December 4, 2017 | Posted by Dan Plunkett

UFC 218 was UFC’s second consecutive great pay-per-view, although it had a much lower profile than last month’s lucrative UFC 217.

The show drew $2 million at the gate, which is roughly on par with the house the last UFC pay-per-view in the Detroit area, UFC 123 in 2010, drew. It’s notable that for a year UFC has claimed has been its best ever (in terms of profit, it probably is), only one show this year (UFC 217) has drawn more than $2.5 million at the gate. UFC 219, held in Las Vegas this month, doesn’t appear to have the card to change that.

Search trends for the show, which are typically a good indicator of pay-per-view success, were good, totaling more than 500,000 Google searches in the United States as of Sunday. I’d think this show wouldn’t do more than 250,000 buys or so, but perhaps there was some buzz that it figured to be a good action show that helped it.

Even if the show didn’t do huge business, it was very notable for what happened inside the cage. The show was highlighted by a good title fight with a great performance, a thunderous knockout meme’d ‘round the world, a fight of the year contender, and then a second fight of the year contender on the preliminary card.

Here are four takeaways from the noteworthy night:

Miocic vs. Ngannou is the best heavyweight fight in five years.

Francis Ngannou has officially freshened up a UFC heavyweight title picture that has revolved around the same five cast of characters for the past five years.

The 262-pounder, who walked into an MMA gym for the first time four years ago, sent seventy-four-fight veteran Alistair Overeem on a temporary trip to the spirit world with the most vicious knockout of the year.

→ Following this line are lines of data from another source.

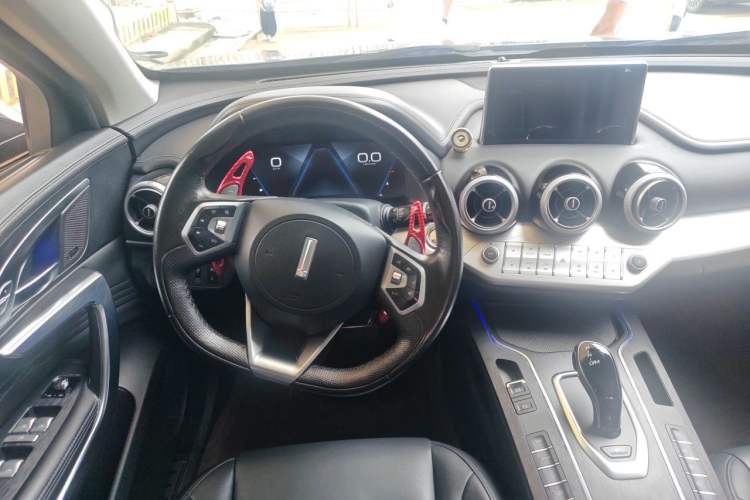 Used Wey VV7 2019 Upgraded Model 2.0T Ultra-Luxury Version China VI Standard Steering Wheel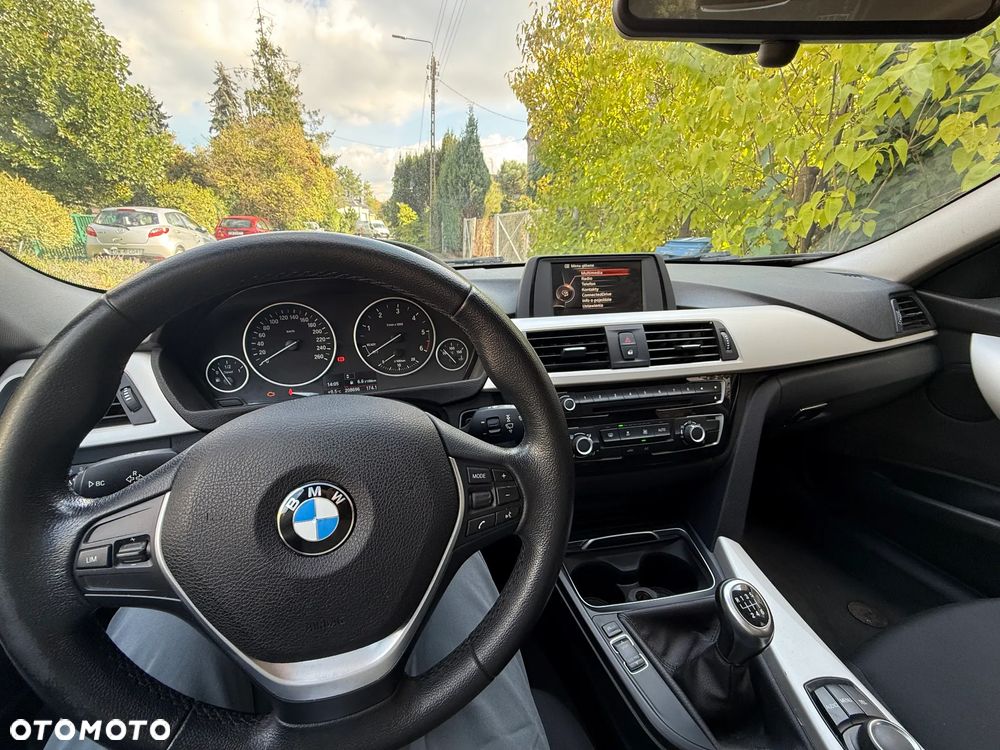 BMW Seria 3 318d - 10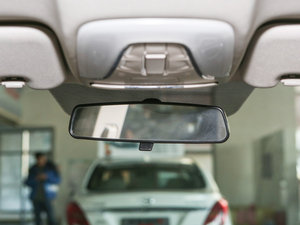 20151.8T Ԅ(dng)m ܇(ni)ҕR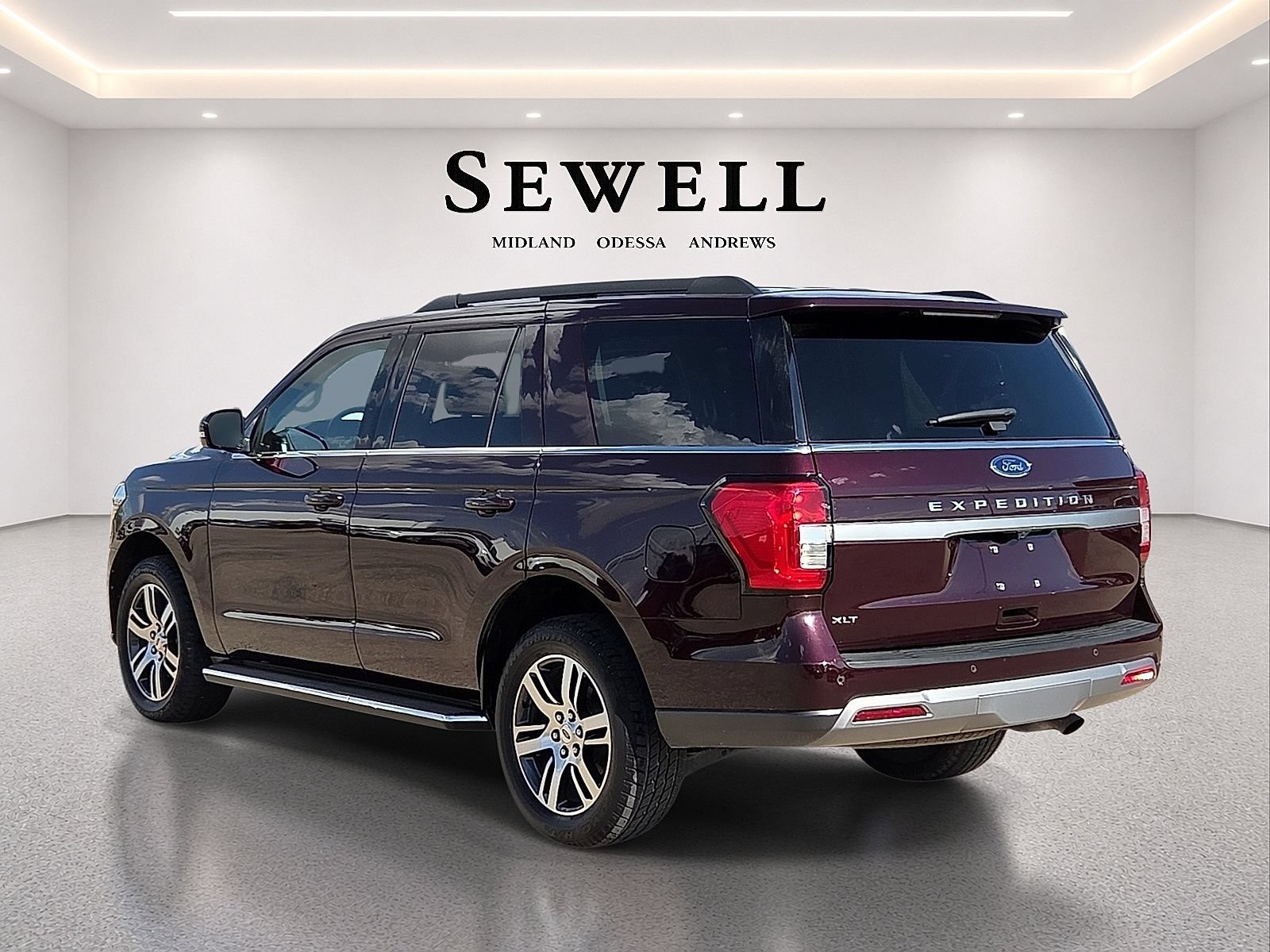 Used 2023 Ford Expedition XLT RWD image 3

Before that, Overeem had tried to tie up and grapple with Ngannou. Overeem is typically able to bully opponents with his strength, but Ngannou appeared to be the significantly bigger and stronger fighter as he controlled Overeem against the cage with relative ease.

Ngannou’s string of emphatic victories have created a buzz around him that carries him into a heavyweight title shot against Stipe Miocic. The title fight, which could come as soon as January 20 in Boston, is the best UFC heavyweight title fight since the Junior dos Santos vs. Cain Velasquez rematch in 2012.

In the past three years, only Miocic, Overeem, dos Santos, Velasquez, and Fabricio Werdum have competed for the heavyweight championship. Ngannou is not yet as skilled as any of those fighters at their best (which should be expected at this stage of his career), but he has the raw physical tools to take out any of them in short fashion.

Ngannou has a longer reach than everyone else in the elite heavyweight group (his is the third-longest reach in the UFC, measuring 83.5 inches). He is also taller than everyone in the group, weighs more than everyone in the group, and is the strongest of the six. In a division packed with large men that hit hard, Ngannou stands high above the rest in terms of stopping power.

Still young for a top heavyweight at 31 years old, Ngannou represents the hope of an exciting future for a division that has gotten a bit stale. If he continues to develop and run through opponents, he could be the dominant heavyweight star that every combat sports promoter dreams of. First, he’ll have to break through Stipe Miocic.

Miocic is on the cusp of heavyweight history in his own right. No UFC heavyweight has ever defended the title more than twice. (During his reign of terror, Fedor Emelianenko defended Pride’s heavyweight championship four times.) After first round knockouts of Overeem and dos Santos, Miocic stands at two title defenses leading into his fight with Ngannou.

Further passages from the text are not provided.